▶ **DATA SUPPLIED**:
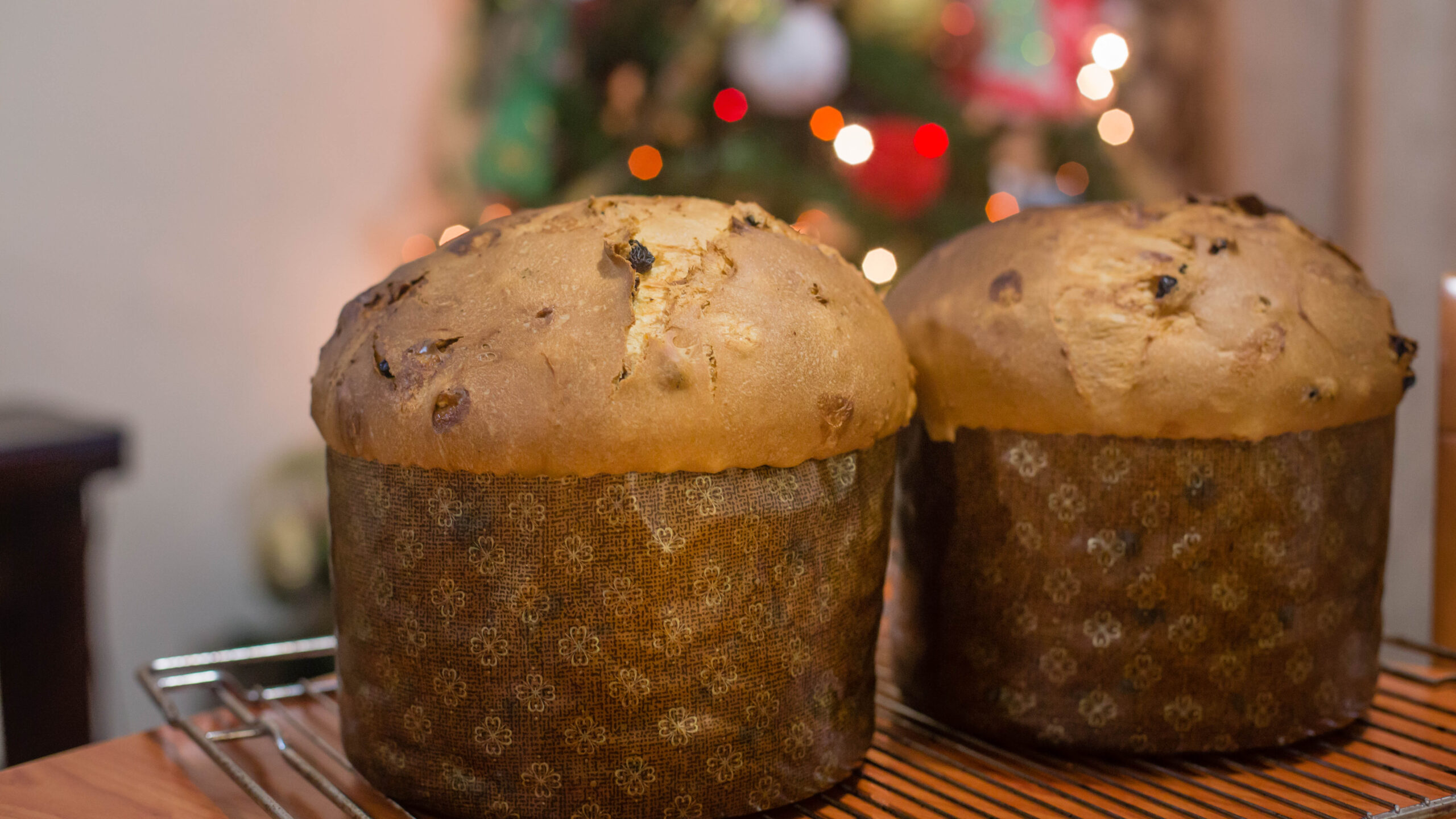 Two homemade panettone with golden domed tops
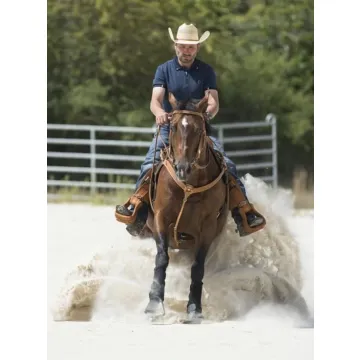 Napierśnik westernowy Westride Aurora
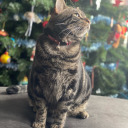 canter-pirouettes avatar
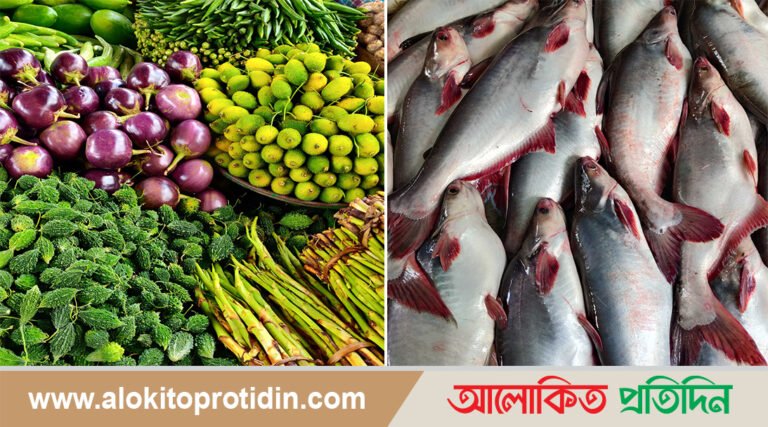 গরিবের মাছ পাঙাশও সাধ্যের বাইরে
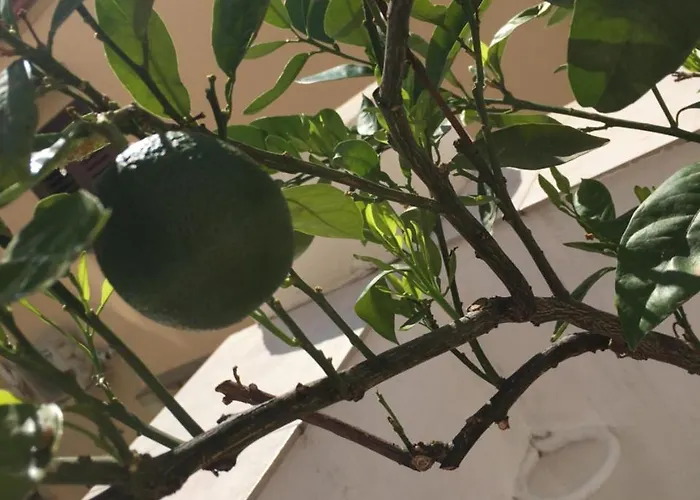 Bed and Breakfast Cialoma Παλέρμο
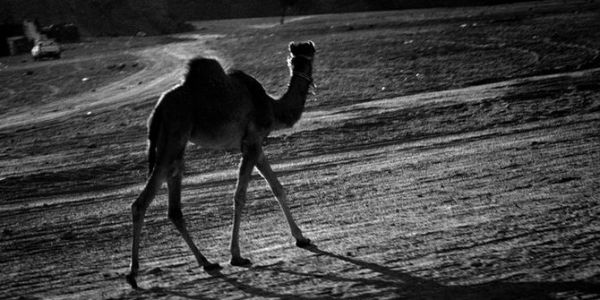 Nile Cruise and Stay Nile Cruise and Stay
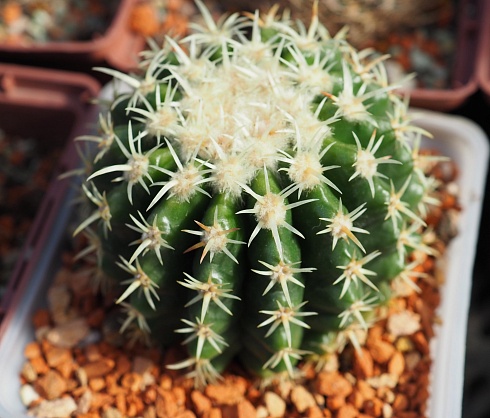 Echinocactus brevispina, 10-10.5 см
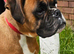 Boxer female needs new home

▶ **WHAT YOU SHOULD DO**: Transcribe the opening line of the listing above, please, and every line after it through the line with "Echinocactus brevispina, 10-10.5 см", word for word, without pictures.

▶ **RESPONSE BELOW**:
 Two homemade panettone with golden domed tops
 Napierśnik westernowy Westride Aurora
 canter-pirouettes avatar
 গরিবের মাছ পাঙাশও সাধ্যের বাইরে
 Bed and Breakfast Cialoma Παλέρμο
 Nile Cruise and Stay Nile Cruise and Stay
 Echinocactus brevispina, 10-10.5 см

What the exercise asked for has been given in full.